Bericht: Monika Wagener, Lutz Polanz


Monika Wagener: "Vor drei Wochen haben wir in einem ARD-Exklusiv über die Zustände in der Paketbranche berichtet. Am Beispiel eines der größten Paketdienste, der "Hermes Logistik Gruppe" und ihres Mehrheitseigners Michael Otto. Es ging um die Auslagerung von sozialer Verantwortung in ein Geflecht von Subunternehmen und um Menschen, die dort zum Teil zu Löhnen arbeiten müssen, von denen sie kaum leben können. Nur sehr wenige extreme Einzelfälle? Wir haben nachgefragt."

O-Ton: "Bis zur Vertragsunterzeichnung waren wir die besten Freunde, und sobald der Vertrag unterschrieben war, war alles vorbei."

O-Ton: "Es ärgert mich halt eben, dass es sich jeder gefallen lässt, und dass das in Deutschland funktioniert."

Diese Menschen haben eins gemein. Sie haben mit ihrer Arbeit dafür gesorgt, dass Pakete schnell und zuverlässig ihr Ziel erreichten. Pakete der Hermes Logistik-Gruppe. Doch der Reihe nach: Vor drei Wochen berichteten MONITOR-Redakteure in ARD-Exklusiv über Peter, einen Hermesboten in Duisburg, und wie er mit seinem eigenen Auto Pakete ausfuhr. Zu Konditionen, die für ihn an Ausbeutung grenzen.

Reporterin: "Wie viel haben sie jetzt schon verdient."

Peter: "Nix. Wir kriegen das Paket bezahlt, nicht die Arbeit."


Reporterin: "Und was bekommen sie da pro Paket?"

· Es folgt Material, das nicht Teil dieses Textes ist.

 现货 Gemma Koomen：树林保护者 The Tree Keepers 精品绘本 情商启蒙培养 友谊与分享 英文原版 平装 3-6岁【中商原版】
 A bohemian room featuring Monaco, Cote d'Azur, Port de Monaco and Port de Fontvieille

Peter: "60 Cent, also pro Paket."


Im Schnitt kommt Peter so auf drei Euro netto die Stunde, sagte er uns. Die Hermes-Logistik-Gruppe ist einer der größten Paketdienste Deutschlands. Boten wie Peter sind nicht direkt bei Hermes angestellt. Sie arbeiten für Sub- oder Sub-Subunternehmer, die für den Logistikriesen die Pakete an die Haustür liefern. Für ihren Lohn und ihre Arbeitsbedingungen ist Hermes juristisch nicht verantwortlich. Hermes ist eine Tochter der Hamburger Otto-Gruppe. Fälle wie Peter sind bei Hermes die Ausnahme - sagte uns Milliardär und Mehrheitseigentümer Michael Otto.

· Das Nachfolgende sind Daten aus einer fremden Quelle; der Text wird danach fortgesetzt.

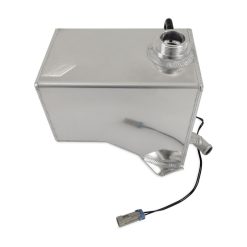 Mishimoto 01-07 Chevy/GMC 6.6L Duramax Degas Tank - Natural - Image 3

Michael Otto, Mehrheitseigner Otto Group Rechte: WDR

Michael Otto, Mehrheitseigner Otto Group

Michael Otto, Mehrheitseigner Otto Group: "99 % unserer gesamten Zusteller und Unternehmer - das sind also unsere Generalunternehmer - sind zufrieden mit uns oder sehr zufrieden, sodass das also wirklich eben nur um Einzelfälle geht."

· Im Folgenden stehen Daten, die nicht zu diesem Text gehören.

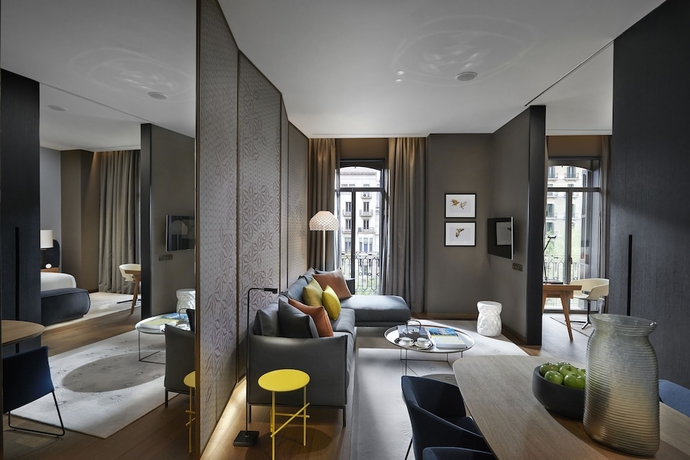 Imagen de la habitación del Hotel Mandarin Oriental, Barcelona. Foto 4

Nach der Ausstrahlung melden sich viele dieser "Einzelfälle". Auch Fahrer, die noch weniger Geld für jedes ausgelieferte Paket bekommen als Peter. Die wenigsten äußern sich zufrieden - die große Mehrheit ist empört über die Aussagen von Michael Otto, zum Beispiel Lena. Sie bekam 65 Cent pro Paket.

Michael Otto, Mehrheitseigner Otto Group: "Man kann da auch vernünftig verdienen. Und viele, gerade die aus der Arbeitslosigkeit kommen, haben da ne Chance, ne Anstellung zu finden."


Lena Emanuel: "Wütend macht mich das auf jeden Fall. Vor allem, weil er hat ja sein Geld, aber die Leute, die dann ganz unten stehen, die können dann gucken, wie sie an ihr Geld kommen."


Bis vor wenigen Tagen fuhr Lena Hermes-Pakete im Saarland aus. Nach dem Ende ihrer Banklehre jobbte sie vorübergehend als 400-Euro-Kraft. Sie zeigt uns ihre Abrechnung für den Juli, für zwölf Arbeitstage, sagt sie.


Reporter: "Das heißt sie haben knapp hundert Stunden gearbeitet dafür? Und dafür 183,- Euro. Das sind ungefähr 1,80 Euro. Hat man ihnen wenigstens noch Geld für den Sprit gegeben?"


Lena: "Ne, nur die 65 Cent pro Paket."


Reporter: "Das heißt unterm Strich, wie viel haben sie da verdient?"


Lena: "Wenn ich jetzt hiervon Benzin abziehe, 70,- Euro."


Lena war 400-Euro-Kraft - er ist selbst fahrender Subunternehmer bei einem Depotbetreiber. Für 90 Cent pro Paket. Nennen wir ihn Thomas. Das Auto für den Dreh haben wir ihm geliehen, damit ihn niemand erkennt.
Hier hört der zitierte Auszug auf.